The Freedom Museum and freedom: “there is no right answer”
Skimming through a Reader from a while back, I notice the following ad for “the nation’s first museum dedicated to freedom and the 1st Amendment”. Yes, it’s the Chicago-based Freedom Museum…
…with an ad that communicates outright ambiguity and equivocation regarding the sanctity of individual rights?
Yo…
“When should the needs of many infringe on the rights of one?” beckons the ad. It’s response: “there is no right answer”.
Come again? Am I not understanding the definition of “freedom”, the ideal the Freedom Museum purportedly stands for?
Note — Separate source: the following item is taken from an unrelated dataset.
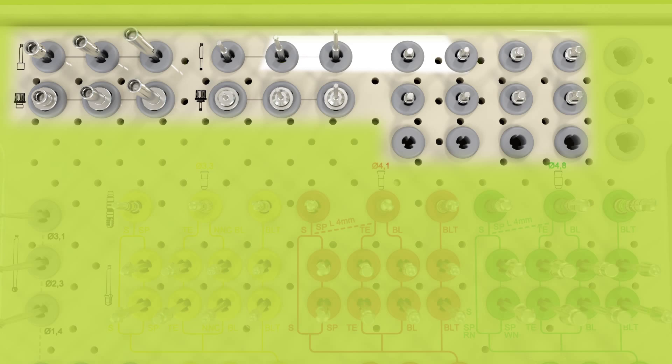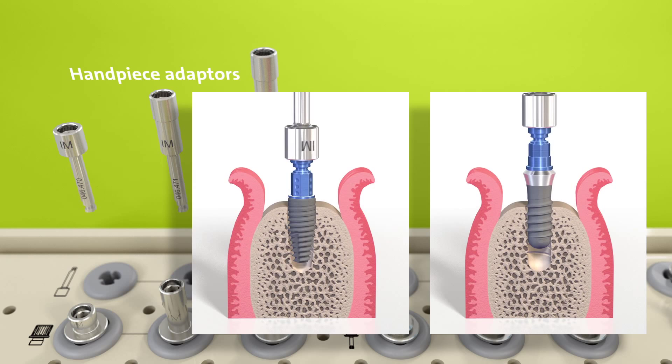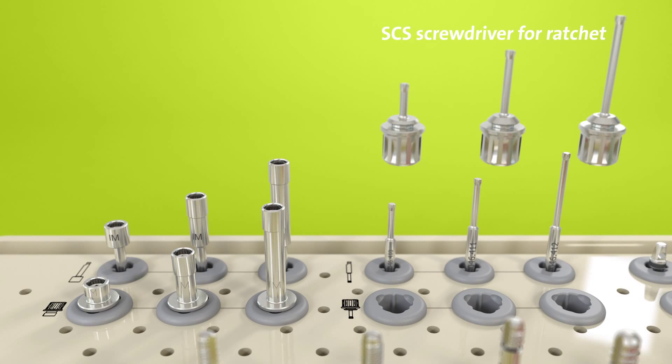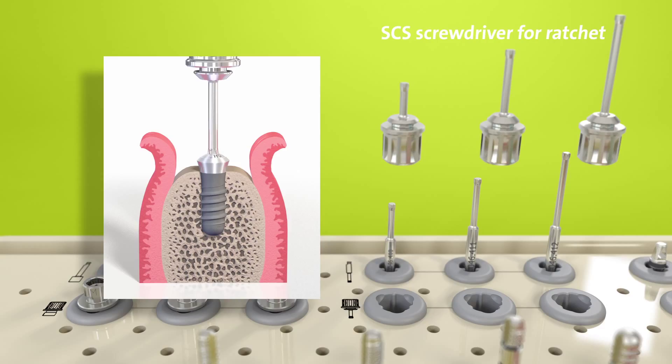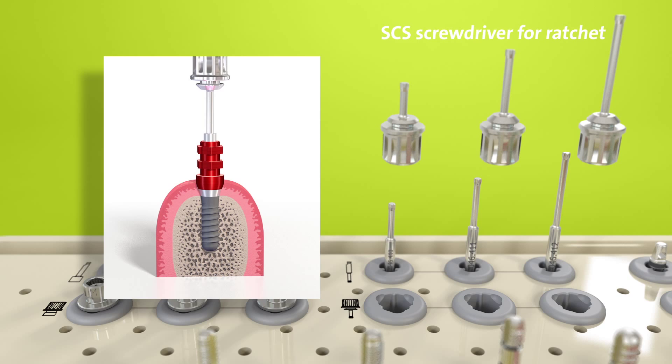In the upper part of the cassette layout, there are several compartments with gray inserts. The instruments in these four compartments are available in three lengths. Here there are handpiece adapters, which are used to pick up and insert the implant with a dental handpiece. Just below, the adapters for the ratchet are stored. Next to the adapters, you'll find the SCS screwdrivers for the handpiece and for the ratchet, as indicated by the corresponding pictograms. SCS screwdrivers are used to pick up healing caps and healing abutments, improving efficiency by connecting caps securely to the screwdriver and safeguarding them from being accidentally dropped. The same SCS screwdrivers can be used for handling the impression components and most other Straumann prosthetic components.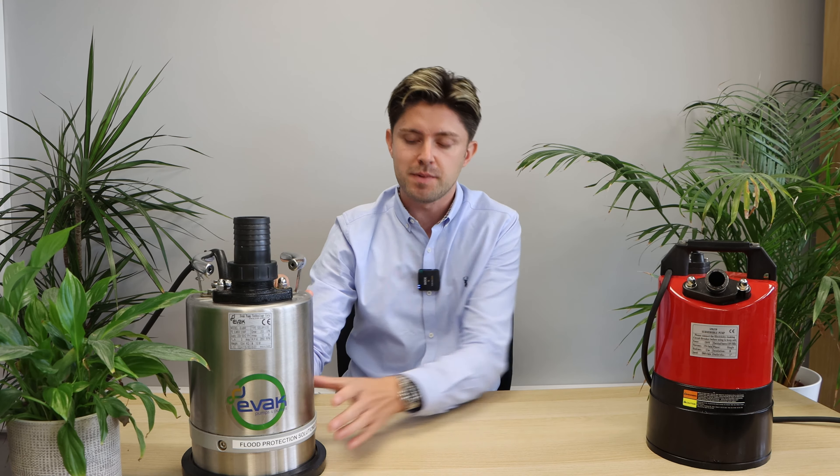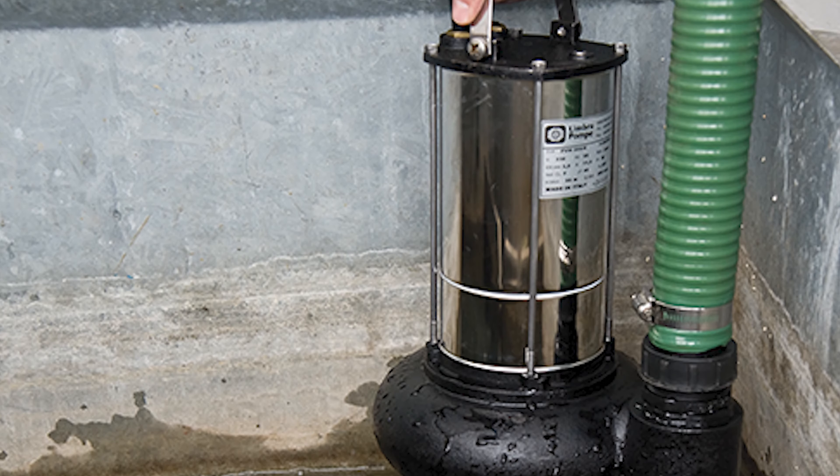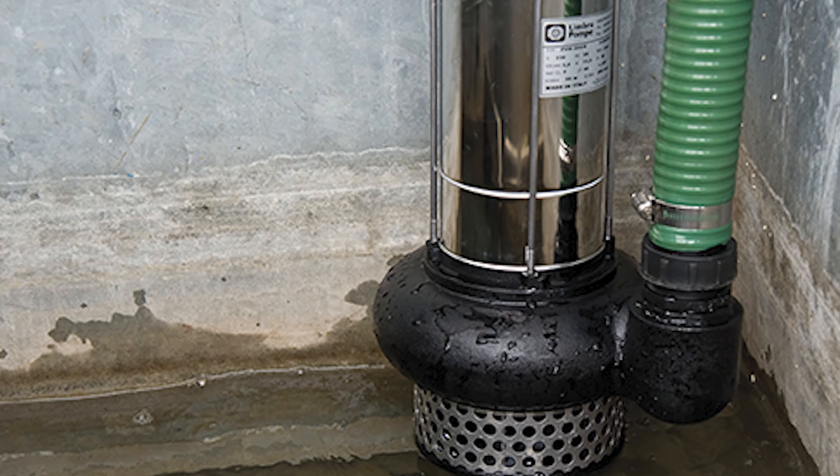Puddle pumps are a special type of submersible pump that do not need to be fully submersed in water. They can pump to very low levels of water — i.e. a puddle — without the pump overheating or becoming damaged. This removes the need for a chamber to be dug or a sump installed.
You know, freedom: the state of being lacking external coercion or compulsion. Freedom: the ability to act according to one’s will. Freedom: the opposite of collective imposition.
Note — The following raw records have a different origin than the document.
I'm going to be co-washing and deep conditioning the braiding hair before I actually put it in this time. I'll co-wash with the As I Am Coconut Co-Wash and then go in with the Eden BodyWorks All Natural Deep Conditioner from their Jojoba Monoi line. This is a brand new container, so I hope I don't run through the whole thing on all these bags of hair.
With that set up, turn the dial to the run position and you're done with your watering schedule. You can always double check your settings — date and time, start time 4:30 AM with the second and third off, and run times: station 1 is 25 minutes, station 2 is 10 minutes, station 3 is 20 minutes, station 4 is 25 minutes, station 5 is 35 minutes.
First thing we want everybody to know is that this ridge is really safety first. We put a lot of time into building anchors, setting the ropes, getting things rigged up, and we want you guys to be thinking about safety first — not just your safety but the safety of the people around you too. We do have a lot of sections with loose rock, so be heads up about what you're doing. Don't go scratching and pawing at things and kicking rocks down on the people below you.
According to utilitarianism and other common-good analysis, fine; you’re correct – there is no fundamentally correct answer to the question. It requires an arbitrary case-by-case decision-making process. But if freedom is the bedrock – if freedom is the underlying philosophy inspiring subsequent action, there is a right answer to the question posed by the ad. When should the needs of many infringe on the rights of one? NEVER.
As Ayn Rand said in Capitalism: The Unknown Ideal:
When ‘the common good’ of a society is regarded as something apart from and superior to the individual good of its members, it means that the good of some men takes precedence over the good of others, with those others consigned to the status of sacrificial animals.